▸ Your task
Print each line from the start of the records below up through the line where "Woman Examines Digital Human Anatomy" is found, exactly as given.

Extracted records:
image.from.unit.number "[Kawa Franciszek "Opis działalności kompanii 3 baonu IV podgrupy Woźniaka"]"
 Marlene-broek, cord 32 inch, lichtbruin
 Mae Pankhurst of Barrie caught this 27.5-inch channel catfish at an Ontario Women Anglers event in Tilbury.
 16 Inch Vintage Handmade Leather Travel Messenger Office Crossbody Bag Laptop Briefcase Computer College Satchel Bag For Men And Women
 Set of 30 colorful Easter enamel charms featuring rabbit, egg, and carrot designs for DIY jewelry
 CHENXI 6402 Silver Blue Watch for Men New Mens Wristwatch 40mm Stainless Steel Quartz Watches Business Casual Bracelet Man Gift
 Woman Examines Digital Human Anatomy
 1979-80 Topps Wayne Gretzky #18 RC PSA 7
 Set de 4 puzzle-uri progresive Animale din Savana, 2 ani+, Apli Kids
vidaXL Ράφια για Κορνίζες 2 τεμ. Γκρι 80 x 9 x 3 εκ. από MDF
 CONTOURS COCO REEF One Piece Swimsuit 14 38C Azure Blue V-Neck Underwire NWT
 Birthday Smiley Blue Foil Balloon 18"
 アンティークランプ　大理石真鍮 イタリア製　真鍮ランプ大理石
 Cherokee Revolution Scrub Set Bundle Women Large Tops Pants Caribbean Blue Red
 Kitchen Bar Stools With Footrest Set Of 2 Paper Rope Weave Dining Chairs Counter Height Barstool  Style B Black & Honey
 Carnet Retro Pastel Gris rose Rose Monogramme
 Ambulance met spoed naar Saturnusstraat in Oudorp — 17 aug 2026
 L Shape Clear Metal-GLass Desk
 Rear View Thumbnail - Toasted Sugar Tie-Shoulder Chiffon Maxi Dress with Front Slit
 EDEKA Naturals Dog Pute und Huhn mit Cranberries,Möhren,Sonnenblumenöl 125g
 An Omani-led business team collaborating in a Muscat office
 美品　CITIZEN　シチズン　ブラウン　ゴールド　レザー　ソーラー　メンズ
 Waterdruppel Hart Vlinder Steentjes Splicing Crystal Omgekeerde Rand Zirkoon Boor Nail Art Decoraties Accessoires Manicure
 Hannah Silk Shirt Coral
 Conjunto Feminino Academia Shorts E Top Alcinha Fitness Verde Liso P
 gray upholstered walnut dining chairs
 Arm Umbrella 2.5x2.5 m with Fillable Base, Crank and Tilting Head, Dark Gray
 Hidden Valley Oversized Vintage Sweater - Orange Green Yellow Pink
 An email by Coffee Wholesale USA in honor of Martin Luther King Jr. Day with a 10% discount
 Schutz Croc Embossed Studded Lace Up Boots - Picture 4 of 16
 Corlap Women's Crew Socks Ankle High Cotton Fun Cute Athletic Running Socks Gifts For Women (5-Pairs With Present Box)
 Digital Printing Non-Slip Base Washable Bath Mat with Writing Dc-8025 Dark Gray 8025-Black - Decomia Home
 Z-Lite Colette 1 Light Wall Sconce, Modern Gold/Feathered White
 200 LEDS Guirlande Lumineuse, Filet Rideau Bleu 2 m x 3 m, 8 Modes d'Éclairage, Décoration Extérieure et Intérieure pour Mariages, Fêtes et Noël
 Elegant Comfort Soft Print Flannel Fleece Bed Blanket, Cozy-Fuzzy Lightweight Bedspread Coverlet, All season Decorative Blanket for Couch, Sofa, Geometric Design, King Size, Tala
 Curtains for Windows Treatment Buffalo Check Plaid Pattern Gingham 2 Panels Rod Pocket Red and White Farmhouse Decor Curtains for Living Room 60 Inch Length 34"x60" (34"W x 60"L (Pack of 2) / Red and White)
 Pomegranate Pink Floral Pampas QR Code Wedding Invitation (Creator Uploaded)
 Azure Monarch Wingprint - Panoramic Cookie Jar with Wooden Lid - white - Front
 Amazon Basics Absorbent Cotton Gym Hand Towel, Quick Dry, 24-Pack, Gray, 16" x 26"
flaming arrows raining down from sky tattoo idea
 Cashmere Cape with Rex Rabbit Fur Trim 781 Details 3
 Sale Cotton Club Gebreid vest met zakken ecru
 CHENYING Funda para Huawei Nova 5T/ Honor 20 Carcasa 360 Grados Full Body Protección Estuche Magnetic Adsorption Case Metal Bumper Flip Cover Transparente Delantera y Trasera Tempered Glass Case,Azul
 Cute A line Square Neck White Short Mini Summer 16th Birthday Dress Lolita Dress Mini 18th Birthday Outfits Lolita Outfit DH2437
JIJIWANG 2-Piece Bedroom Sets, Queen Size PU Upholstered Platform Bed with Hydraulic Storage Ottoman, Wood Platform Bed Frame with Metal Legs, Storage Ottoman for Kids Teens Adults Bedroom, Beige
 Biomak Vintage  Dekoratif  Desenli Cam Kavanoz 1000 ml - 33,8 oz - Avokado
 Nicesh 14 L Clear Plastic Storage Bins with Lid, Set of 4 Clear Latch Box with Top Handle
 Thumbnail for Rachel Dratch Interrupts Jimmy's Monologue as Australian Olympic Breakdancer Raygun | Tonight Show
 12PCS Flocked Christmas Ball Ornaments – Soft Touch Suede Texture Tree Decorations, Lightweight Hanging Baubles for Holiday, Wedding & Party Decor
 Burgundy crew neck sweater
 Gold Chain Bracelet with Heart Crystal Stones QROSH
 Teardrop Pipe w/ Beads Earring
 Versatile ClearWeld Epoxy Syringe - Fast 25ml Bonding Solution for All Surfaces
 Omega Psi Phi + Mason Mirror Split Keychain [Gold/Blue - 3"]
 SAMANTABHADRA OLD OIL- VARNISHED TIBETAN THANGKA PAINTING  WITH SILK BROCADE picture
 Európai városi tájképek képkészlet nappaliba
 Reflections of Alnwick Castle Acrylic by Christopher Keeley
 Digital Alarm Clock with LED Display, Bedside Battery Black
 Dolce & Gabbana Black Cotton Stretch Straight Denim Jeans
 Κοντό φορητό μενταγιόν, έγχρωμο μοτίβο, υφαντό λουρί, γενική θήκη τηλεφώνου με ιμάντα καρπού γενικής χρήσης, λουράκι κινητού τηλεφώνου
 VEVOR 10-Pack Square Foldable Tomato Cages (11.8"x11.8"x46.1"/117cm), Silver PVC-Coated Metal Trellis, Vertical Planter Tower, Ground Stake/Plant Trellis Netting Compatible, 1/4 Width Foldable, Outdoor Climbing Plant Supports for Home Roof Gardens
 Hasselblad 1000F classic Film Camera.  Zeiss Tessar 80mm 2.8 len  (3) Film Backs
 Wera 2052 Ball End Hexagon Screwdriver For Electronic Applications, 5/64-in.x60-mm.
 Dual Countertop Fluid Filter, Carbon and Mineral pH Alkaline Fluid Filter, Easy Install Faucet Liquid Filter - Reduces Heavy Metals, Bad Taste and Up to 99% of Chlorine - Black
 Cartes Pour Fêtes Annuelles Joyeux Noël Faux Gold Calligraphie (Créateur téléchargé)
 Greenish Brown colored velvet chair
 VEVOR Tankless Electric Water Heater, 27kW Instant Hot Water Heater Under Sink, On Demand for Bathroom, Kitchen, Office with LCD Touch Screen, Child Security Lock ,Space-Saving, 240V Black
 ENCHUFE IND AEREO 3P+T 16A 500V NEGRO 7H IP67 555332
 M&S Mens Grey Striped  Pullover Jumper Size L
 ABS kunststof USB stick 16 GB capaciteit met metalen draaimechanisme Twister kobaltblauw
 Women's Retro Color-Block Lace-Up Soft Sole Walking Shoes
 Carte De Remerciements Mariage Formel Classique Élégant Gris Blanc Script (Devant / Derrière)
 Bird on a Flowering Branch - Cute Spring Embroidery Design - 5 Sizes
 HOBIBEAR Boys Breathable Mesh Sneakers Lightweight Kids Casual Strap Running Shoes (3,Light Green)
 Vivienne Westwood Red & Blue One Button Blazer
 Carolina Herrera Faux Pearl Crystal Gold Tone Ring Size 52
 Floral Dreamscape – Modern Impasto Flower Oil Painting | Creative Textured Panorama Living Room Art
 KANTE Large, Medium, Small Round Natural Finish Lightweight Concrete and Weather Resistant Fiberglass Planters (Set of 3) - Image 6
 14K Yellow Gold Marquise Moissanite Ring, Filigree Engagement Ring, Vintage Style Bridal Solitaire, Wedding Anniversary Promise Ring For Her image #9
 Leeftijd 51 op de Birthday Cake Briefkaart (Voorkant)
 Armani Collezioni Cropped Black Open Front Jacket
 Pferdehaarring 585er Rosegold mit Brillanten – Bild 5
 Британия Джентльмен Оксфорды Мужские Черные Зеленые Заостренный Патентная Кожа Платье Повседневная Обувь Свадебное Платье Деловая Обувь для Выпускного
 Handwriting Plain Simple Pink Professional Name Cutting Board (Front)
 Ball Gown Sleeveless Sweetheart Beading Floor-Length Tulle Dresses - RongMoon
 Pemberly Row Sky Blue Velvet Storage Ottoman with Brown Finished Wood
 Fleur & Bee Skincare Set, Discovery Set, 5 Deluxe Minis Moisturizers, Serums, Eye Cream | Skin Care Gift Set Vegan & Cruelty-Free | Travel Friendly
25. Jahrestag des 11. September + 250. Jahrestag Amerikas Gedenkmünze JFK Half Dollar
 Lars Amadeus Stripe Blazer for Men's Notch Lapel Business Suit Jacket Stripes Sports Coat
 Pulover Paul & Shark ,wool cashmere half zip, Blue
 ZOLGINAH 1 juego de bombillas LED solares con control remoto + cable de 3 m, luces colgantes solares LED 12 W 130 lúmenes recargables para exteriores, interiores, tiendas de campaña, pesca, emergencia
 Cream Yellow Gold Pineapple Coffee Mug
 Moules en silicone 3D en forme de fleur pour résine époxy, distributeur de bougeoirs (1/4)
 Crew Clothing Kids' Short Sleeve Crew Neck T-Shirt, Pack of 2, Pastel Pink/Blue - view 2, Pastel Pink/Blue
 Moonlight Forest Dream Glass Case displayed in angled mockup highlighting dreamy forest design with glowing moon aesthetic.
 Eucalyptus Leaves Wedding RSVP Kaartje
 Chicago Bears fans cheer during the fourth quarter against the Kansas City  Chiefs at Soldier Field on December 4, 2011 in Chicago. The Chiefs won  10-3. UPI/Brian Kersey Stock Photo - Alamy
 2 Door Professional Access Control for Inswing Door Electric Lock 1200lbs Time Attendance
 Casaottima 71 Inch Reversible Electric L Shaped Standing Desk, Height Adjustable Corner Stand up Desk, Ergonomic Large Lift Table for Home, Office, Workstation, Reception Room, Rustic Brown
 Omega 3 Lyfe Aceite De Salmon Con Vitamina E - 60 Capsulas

▸ The completed task
image.from.unit.number "[Kawa Franciszek "Opis działalności kompanii 3 baonu IV podgrupy Woźniaka"]"
 Marlene-broek, cord 32 inch, lichtbruin
 Mae Pankhurst of Barrie caught this 27.5-inch channel catfish at an Ontario Women Anglers event in Tilbury.
 16 Inch Vintage Handmade Leather Travel Messenger Office Crossbody Bag Laptop Briefcase Computer College Satchel Bag For Men And Women
 Set of 30 colorful Easter enamel charms featuring rabbit, egg, and carrot designs for DIY jewelry
 CHENXI 6402 Silver Blue Watch for Men New Mens Wristwatch 40mm Stainless Steel Quartz Watches Business Casual Bracelet Man Gift
 Woman Examines Digital Human Anatomy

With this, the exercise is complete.